Understand that this is not information that anyone is going to provide you without performing a significant number of tests. There are many variables to consider such as access patterns, data structures, application code, network, hardware, etc. This applies not just in a self-hosted data center, but also applies in cloud-hosted environments. There is no substitute for performing this preemptive load testing for your specific use case.

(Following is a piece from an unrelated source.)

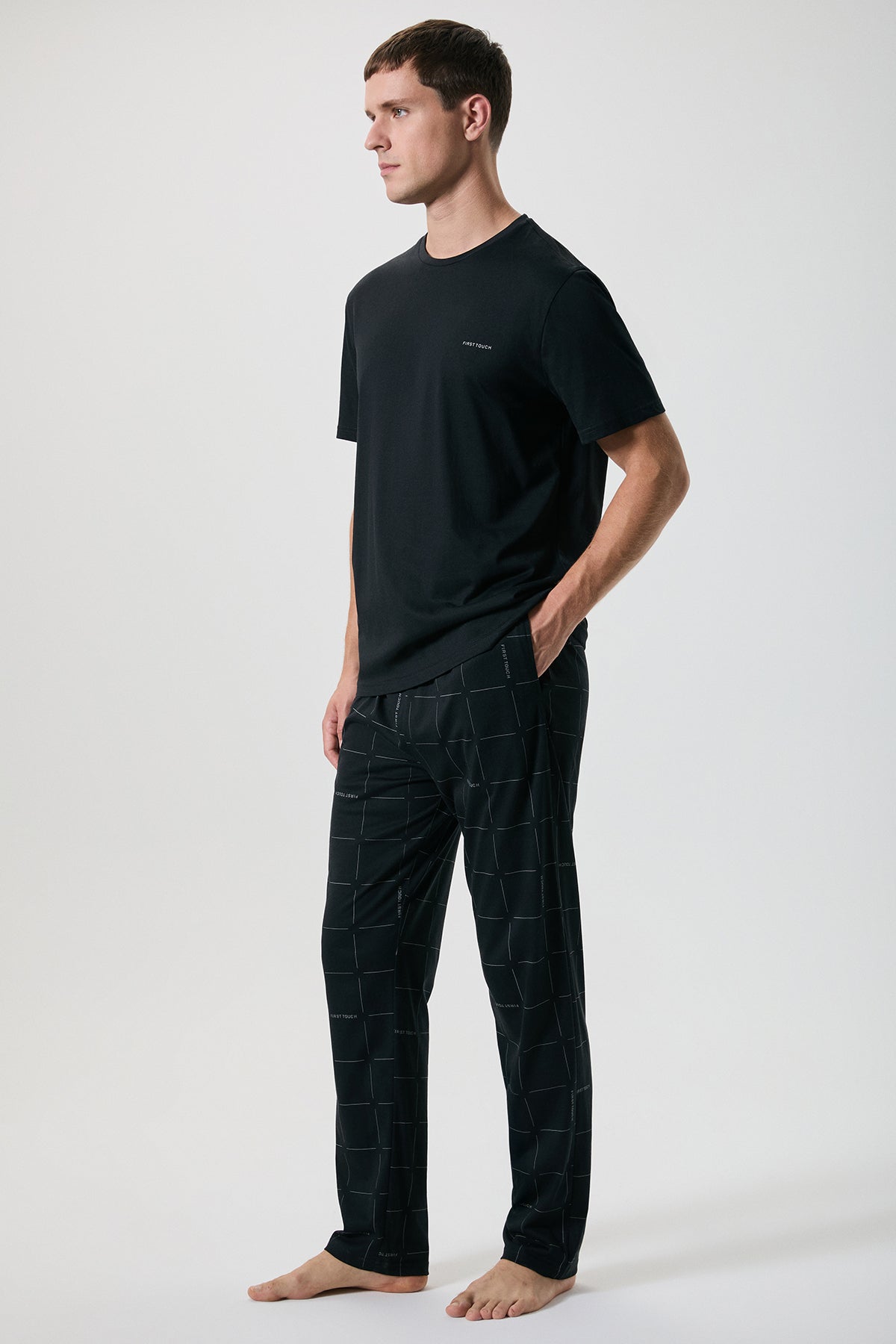 Ombre Silencieuse - Pyjama 2 Pcs - Élégance nocturne et simplicité réconfortante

Note: If you are hosting your Couchbase cluster in a cloud environment (AWS, Azure, Google Cloud, etc.), you will streamline the process of creating various Couchbase cluster configurations by leveraging the Couchbase Kubernetes Autonomous Operator. This tool allows you to make changes to the cluster configuration in the Kubernetes yaml file, and then the changes to the cluster are automatically deployed. It eliminates a large amount of system administrative work installing and configuring Couchbase on nodes, adding and removing nodes from a cluster, performing rebalances, and so on.
Specify Your SLAs
Before you run any performance tests, you need to have your SLAs (Service Level Agreement) articulated. “As fast as possible” is not an SLA. You need to have SLA specified so that your test performance becomes a pass-fail situation. Either your cluster is performing at or better than what you’ve determined it needs to, or it isn’t. If you haven’t determined what that response time is, you’ll never be able to determine at what load the performance has entered the unacceptable range and needs to be scaled up to re-perform at the level you need.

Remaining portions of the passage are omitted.